Pictures are to be left out; every line from the one with "VW Golf (2025) - Photo 5" through the end of the data must be transcribed exactly.

──────

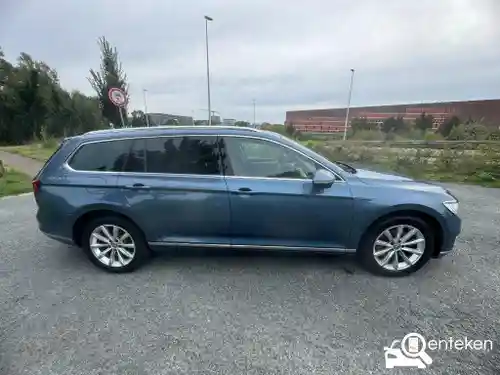VW Passat Variant GTE 2016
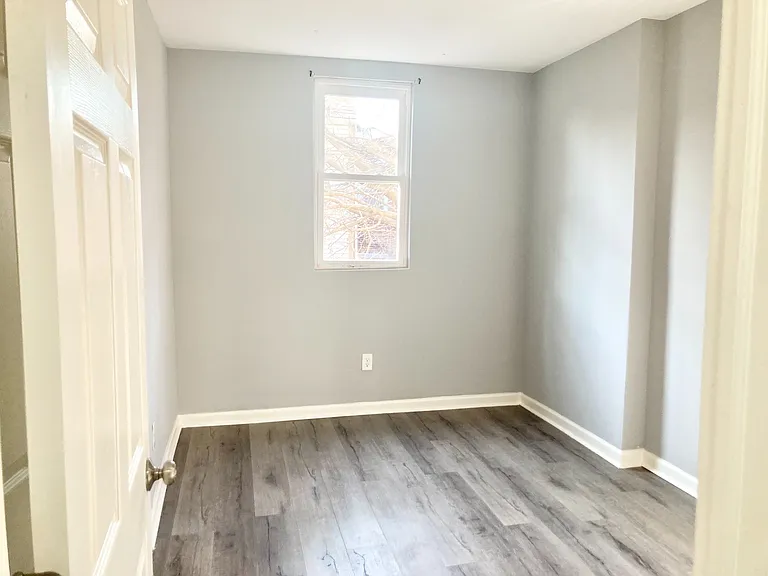 144 N Salford St — Photo 7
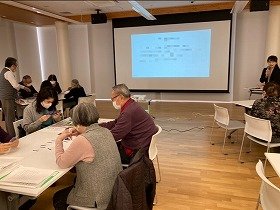 健康医療情報講座「「人生会議」をやってみよう！」で講師の説明を聞きながら「もしバナゲーム」をやっている参加者の画像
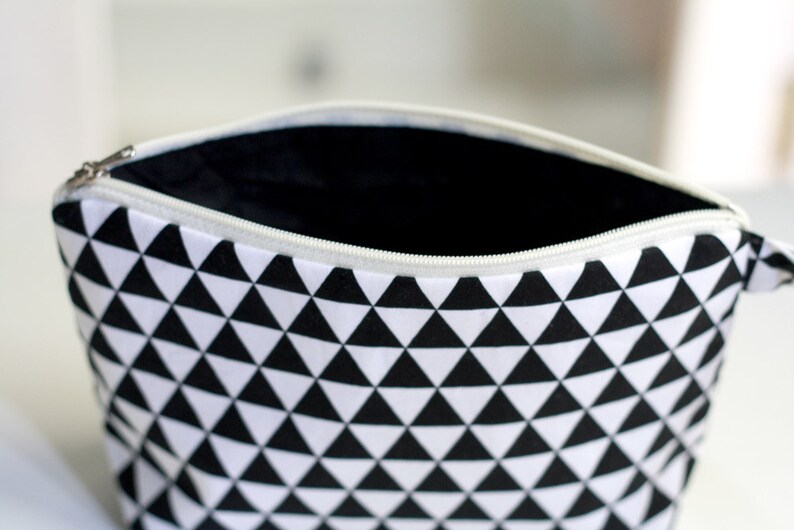 Black and White Triangle Pouch, make up pouch, multipurpose pouch image 4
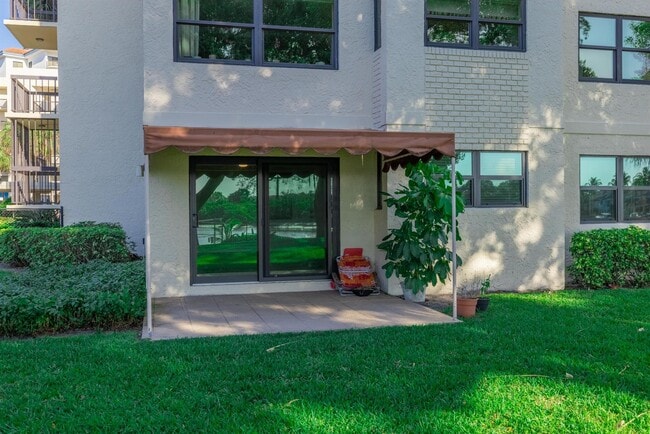 Building Photo - EVERGLADES OF NORTH PALM BEACH 3 CONDO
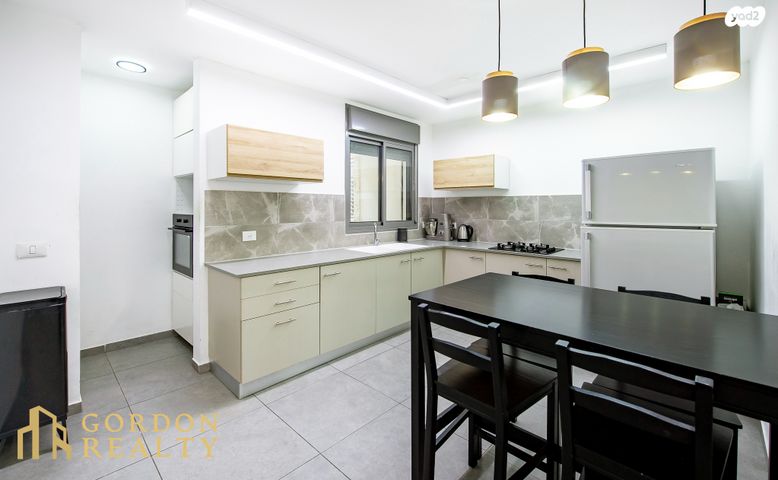 דירה, רועי קליין 1, נווה שמיר רמת בית שמש ה-1, בית שמש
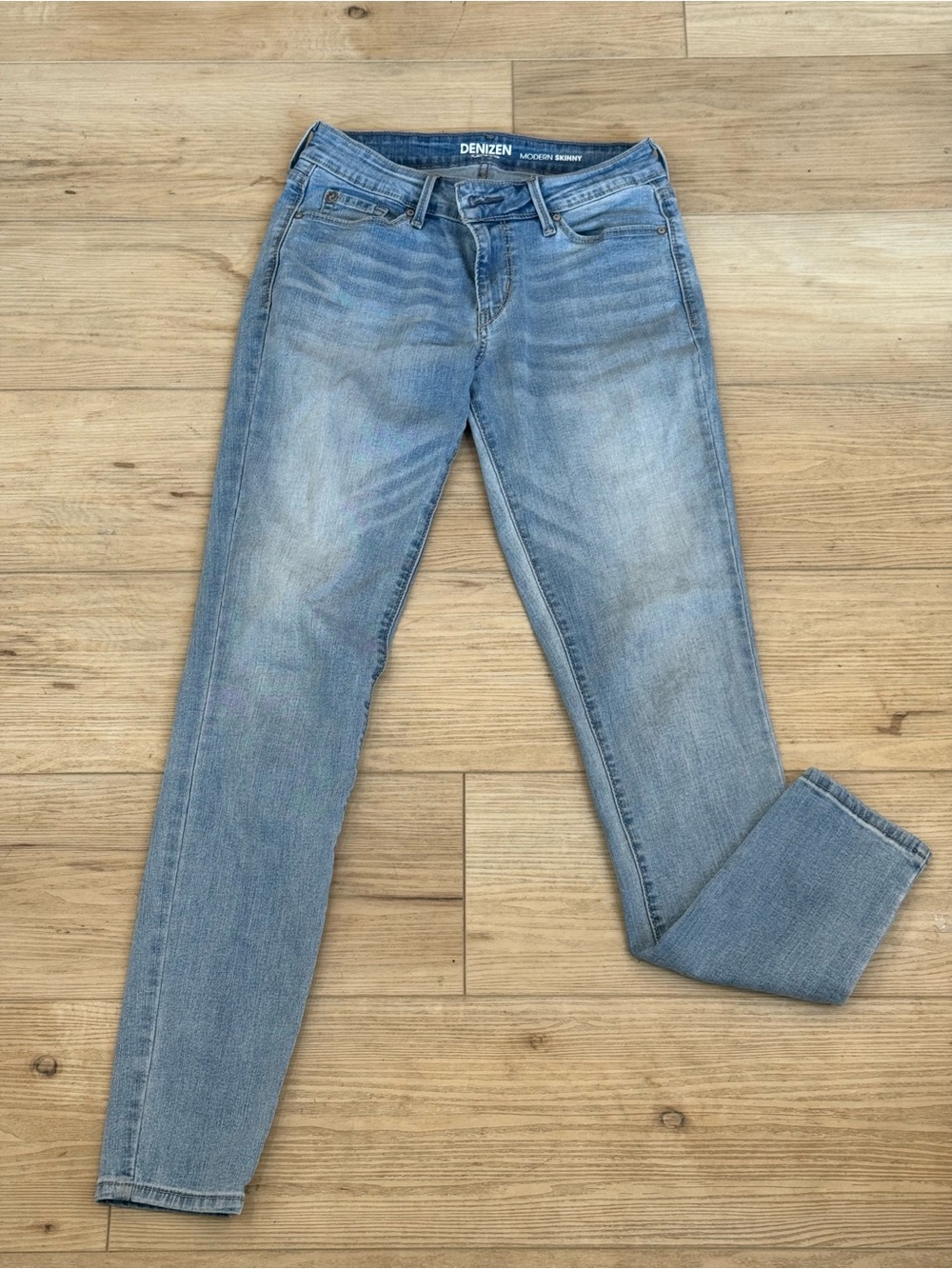 Denizen from Levi's Women's Skinny Jeans - Light Wash Blue
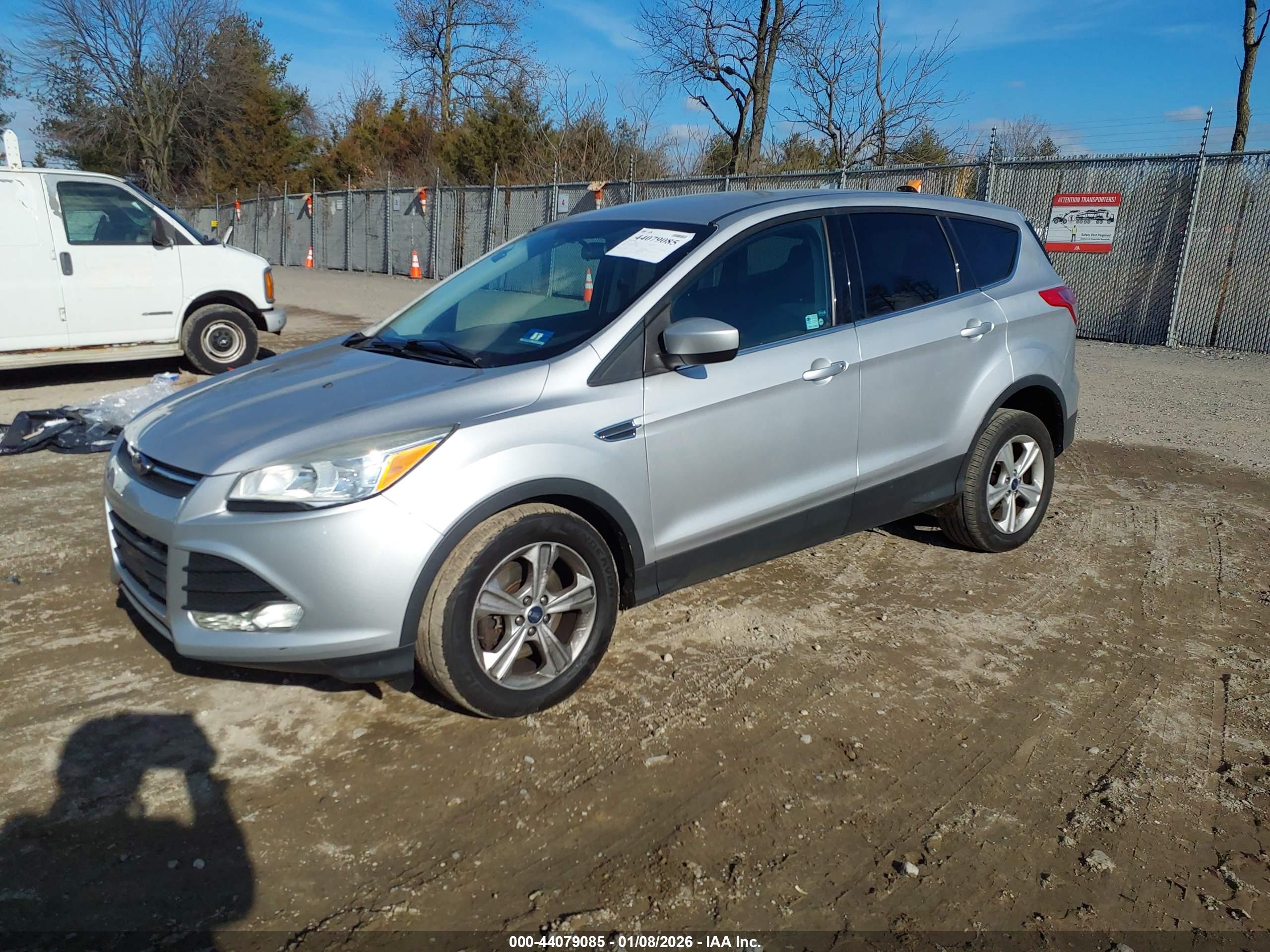 FORD ESCAPE image 2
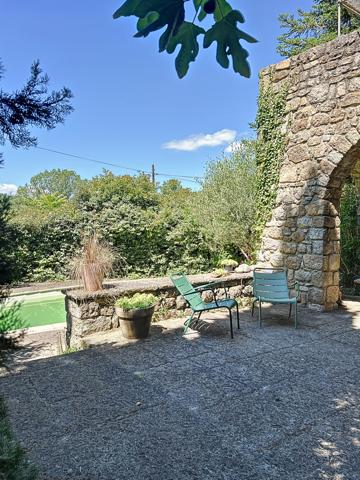 Sud Ardèche - Maison d'Artistes : Créativité et Elégance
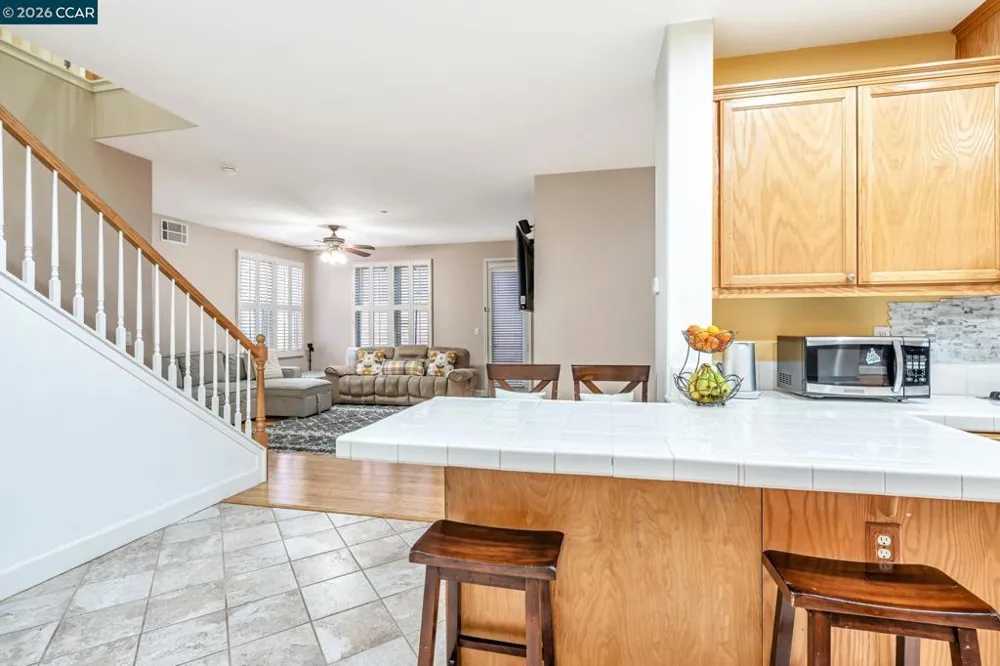 2036 SERRA LN Hercules, CA 94547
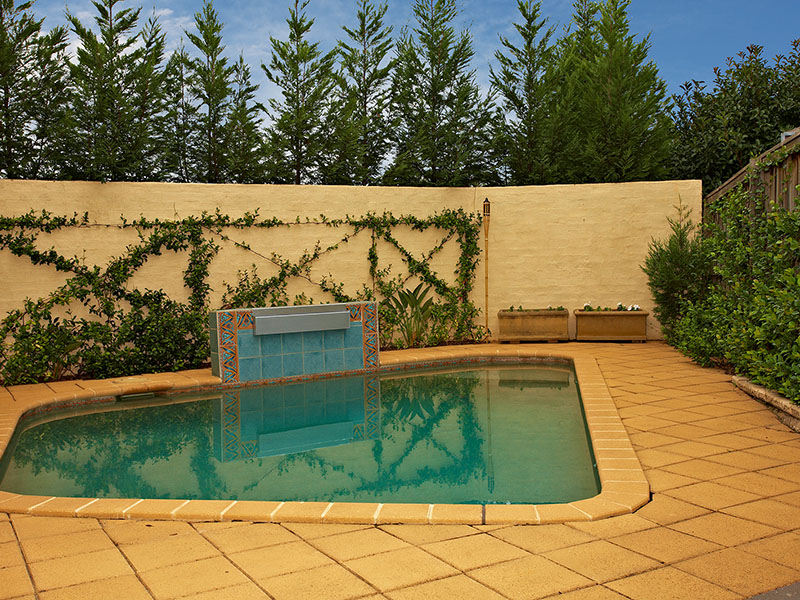 Opposite a park + pool, in Tuscan Waters location ! Picture 2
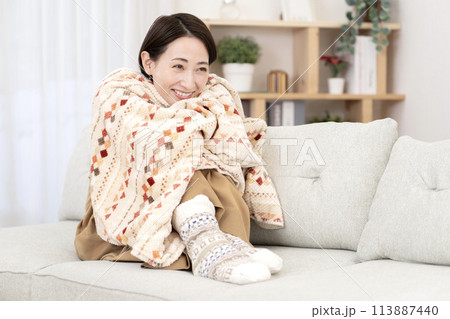 リビングでくつろぐ女性 温活 冷え性 リビングでくつろぐ女性 温活 冷え性 113887440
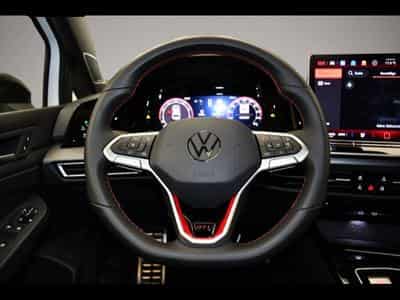 VW Golf (2025) - Photo 5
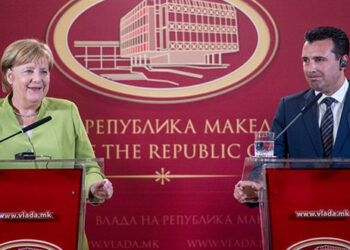 Μέρκελ σε Σκόπια: Αλλάξτε το όνομά σας με το δημοψήφισμα για να μπείτε σε ΝΑΤΟ-ΕΕ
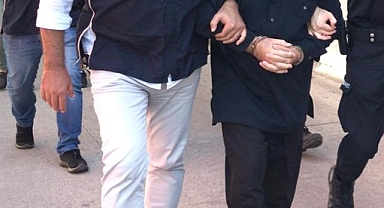 Kamu görevlisiyiz diyerek eve girmek istediler! 3 kişi tutuklandı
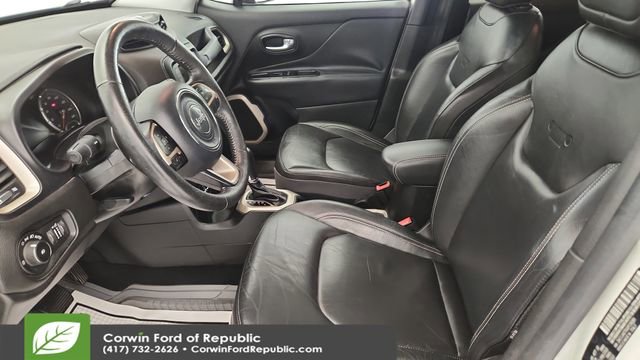 Used 2016 Jeep Renegade Limited image 12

──────

* _FINISHED EXERCISE_
 VW Golf (2025) - Photo 5
 Μέρκελ σε Σκόπια: Αλλάξτε το όνομά σας με το δημοψήφισμα για να μπείτε σε ΝΑΤΟ-ΕΕ
 Kamu görevlisiyiz diyerek eve girmek istediler! 3 kişi tutuklandı
 Used 2016 Jeep Renegade Limited image 12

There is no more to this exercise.